Let $I=[-\frac 1 4,\frac 1 4]$. Is it always true that we have $$ \|\mathcal F(f1_I)\|_\infty\lesssim \|\mathcal F(f)\|_\infty, $$ for all smooth functions $f$ supported on $[-\frac 1 2,\frac 1 2]$?
I am asking this question because the left hand side can be thought of as a rough projection of $f$ in the frequency space.
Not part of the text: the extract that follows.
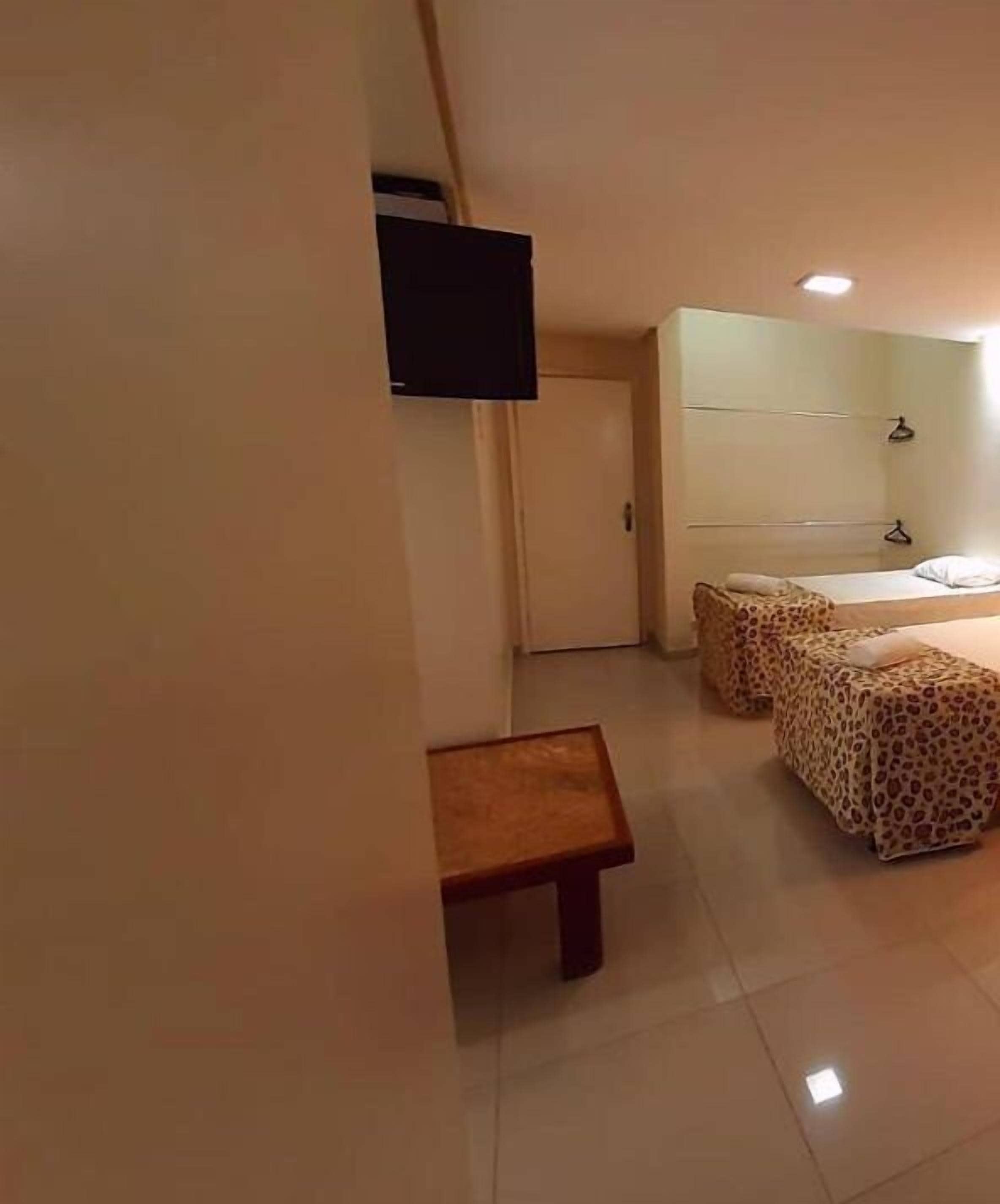 A hotel room with a bed, a small table, a wardrobe, and a television mounted on the wall.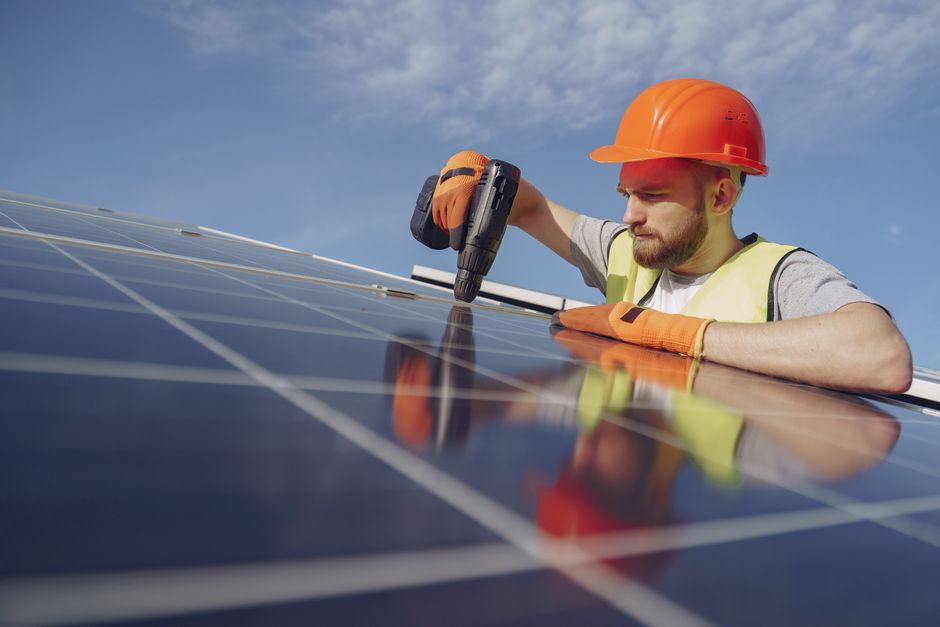 Professional solar panel installer working on a residential roof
The inequality $\|\mathcal F(f1_I)\|_1\lesssim \|\mathcal F(f)\|_1$ is easily seen to be false by taking $f=1$ on $[-\frac 1 4,\frac 1 4]$ and smoothly decreasing to $0$.
On
The map $L^1\to L^1,f \mapsto f1_{[-1/4,1/4]}$ is bounded of norm $1$, the map $L^1\to L^\infty,f \mapsto \mathcal{F}(f)$ is bounded of norm $1$, the map $\mathcal{F}(L^1)\subset L^\infty \to L^1, \mathcal{F}(f) \mapsto f$ is unbounded, it doesn't mean the map $\mathcal{F}(L^1)\subset L^\infty \to L^\infty, \mathcal{F}(f) \mapsto \mathcal{F}(f 1_{[-1/4,1/4]})$ is unbounded.
The Fourier transform of $-pv(\frac1{ x})$ is $\frac1{-i \pi}sign(\xi)$ and the Fourier transform of $e^{-\pi x^2}$ is $e^{-\pi \xi^2}$
thus the Fourier transform of $pv(\frac1{ x-1/4}) \ast n e^{-\pi (nx)^2}$ is $\frac1{i \pi}sign(\xi) e^{-\pi \xi^2/n^2} e^{2i \pi \xi/4}$ which is bounded,
on the other hand $-(pv(\frac1{ x-1/4}) \ast n e^{-\pi (nx)^2})1_{[-1/4,1/4]}$ is $\ge 0$ and of unbounded $L^1$ norm as $n \to \infty$ so that its Fourier transform is as large as wanted at $\xi=0$.
With $\phi \in C^\infty_c([-1/2,1/2]),\phi \ge 0$ and $ \phi=1$ on $[-1/4,1/4]$ we get $$f_n = ( pv(\frac1{ x-1/4}) \ast n e^{-\pi (nx)^2})\phi, \qquad \frac{\|\mathcal{F}(f_n 1_{[-1/4,1/4]})\|_\infty}{\|\mathcal{F}(f_n)\|_\infty} \to \infty$$
Since $\mathcal F(f1_I)$ is a multiplier operator, it is bounded from $L^\infty$ to $L^\infty$ if and only if it is bounded from $L^1$ to $L^1$. Since it is not bounded from $L^1$ to $L^1$ as the example shows, the $L^\infty$ boundedness also fails.